Escape Rating B: At first, I thought this was a debut novel – but it’s not. The author has previously written dark thrillers under the name Elisabeth Elo and literary fiction as Elisabeth Panttaja Brink. So not a debut author, but still first in a new direction and a series.

For the first book in a series, this does a terrific job of both setting up the characters and telling the story of their first real case. I’m a bit on the fence about it being truly cozy, as the case is a sordid mess that reminds me a LOT of Moonflower Murders, possibly with a touch of Knives Out. While the relationship between Merritt and Blunt is anything but cozy or even properly master and apprentice.

What this is, however, is a traditional mystery in the vein of Agatha Christie and the Golden Age of Mystery, updated to a contemporary setting. Complete with the traditional gathering of the suspects for the big reveal at the end – along with one final twist in the tale.

An ending that has more than enough threads and layers that, while I saw some of it coming, I certainly didn’t see all of it coming until that big finish.

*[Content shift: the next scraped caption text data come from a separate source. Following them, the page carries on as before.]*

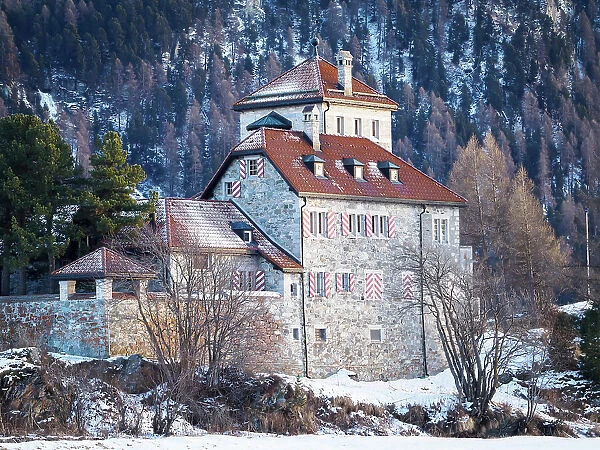 A castle-like early 20th-century house by Lake Silvaplana, Switzerland, Europe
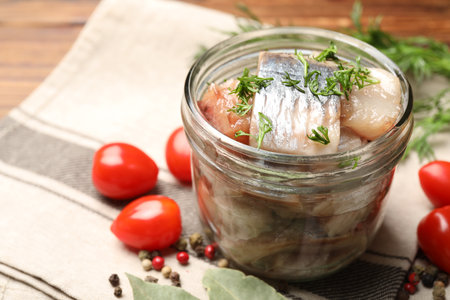 Pieces of delicious herring with dill in jar and tomatoes on table, closeupの写真素材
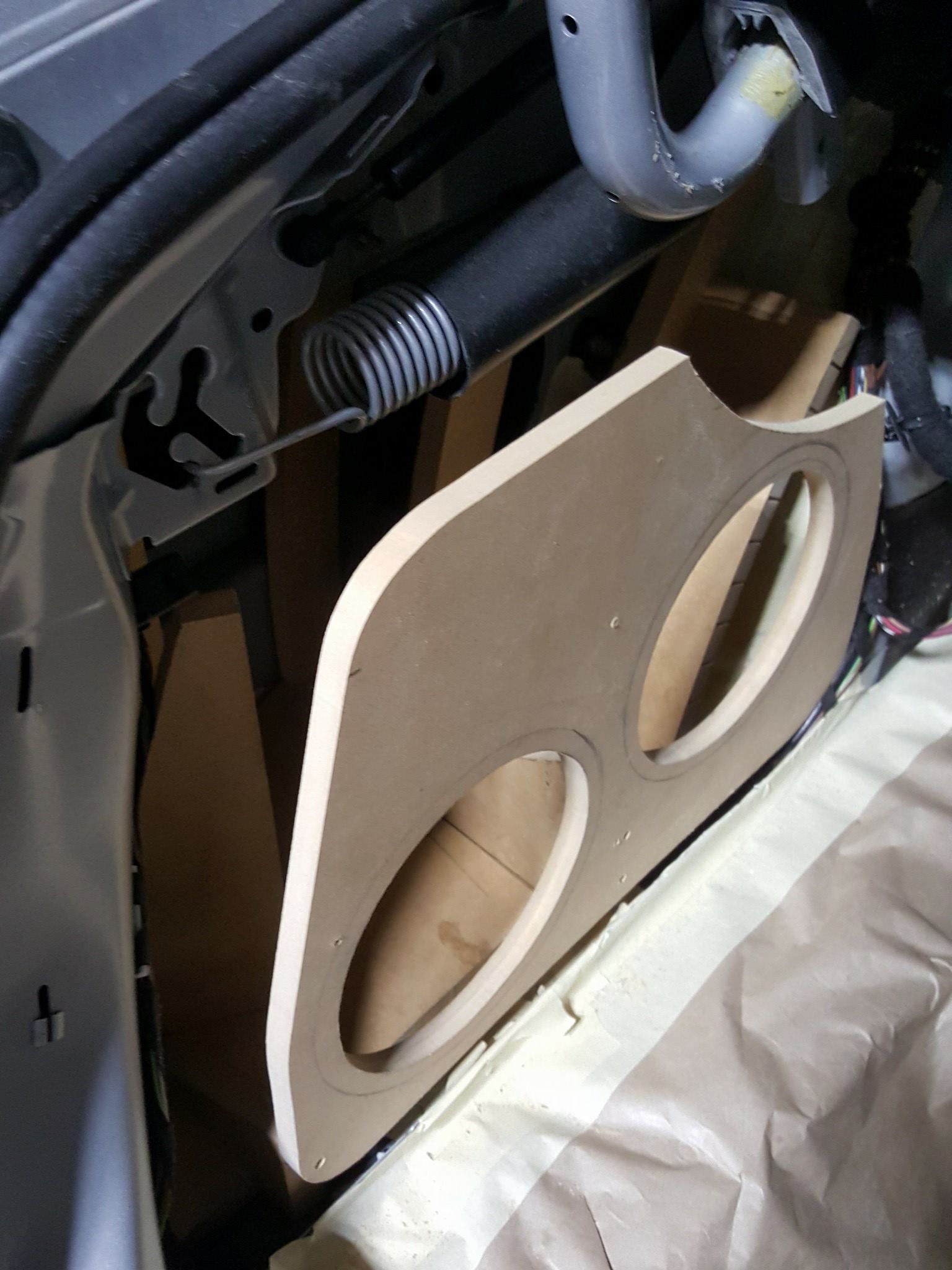 A custom subwoofer enclosure made of light brown wood, mounted in a vehicle's trunk area, featuring two speaker openings.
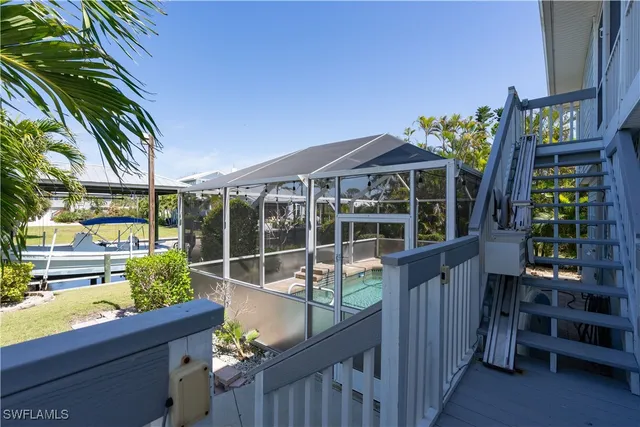 a view of a balcony with plants and wooden fence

I’m also facepalming a bit at the series title, a Merritt and Blunt Mystery, because their names are a really big clue about their characters and their relationship. Aubrey Merritt expects her assistants to find their way because of their ‘merit’ – their ability to follow along her methods and her process with no actual teaching and very limited clues.

She’s also extremely ‘blunt’, both to her assistant and to her clients, in a way that should get her tossed out on her ear an awful lot, but mostly doesn’t because tossing a well-dressed 60-something woman out of anywhere physically is going to look bad for whoever does it. Whether Merritt deserves it or not.

The case is very much Moonflower Murders, in that it takes place on a family owned and operated resort, that there are lot of seething resentments and family rivalries lurking just under the surface, that there is a lot of money at stake, and that Olivia Blunt at least knows about as much about what she’s doing as an investigator as Susan Ryeland does.

In the end, I had a lot of fun with this one but the partnership isn’t fully baked yet. Although, by that end Aubrey Merritt seemed a bit more like Lillian Pentecost in Fortune Favors the Dead than she did The Devil Wears Prada, particularly her unwillingness to admit her own weaknesses and her testiness when those weaknesses get poked. Which leads this reader to the sense that the relationship between Merritt and Blunt has room and respect to grow into.

Finally, I have questions about the viability of Olivia’s romantic relationship back home with her fiance because that felt a bit tacked on to the story. Leaving this reader curious to see where both those relationships – and the investigations – go in later books in the series. I’m looking forward to reading them.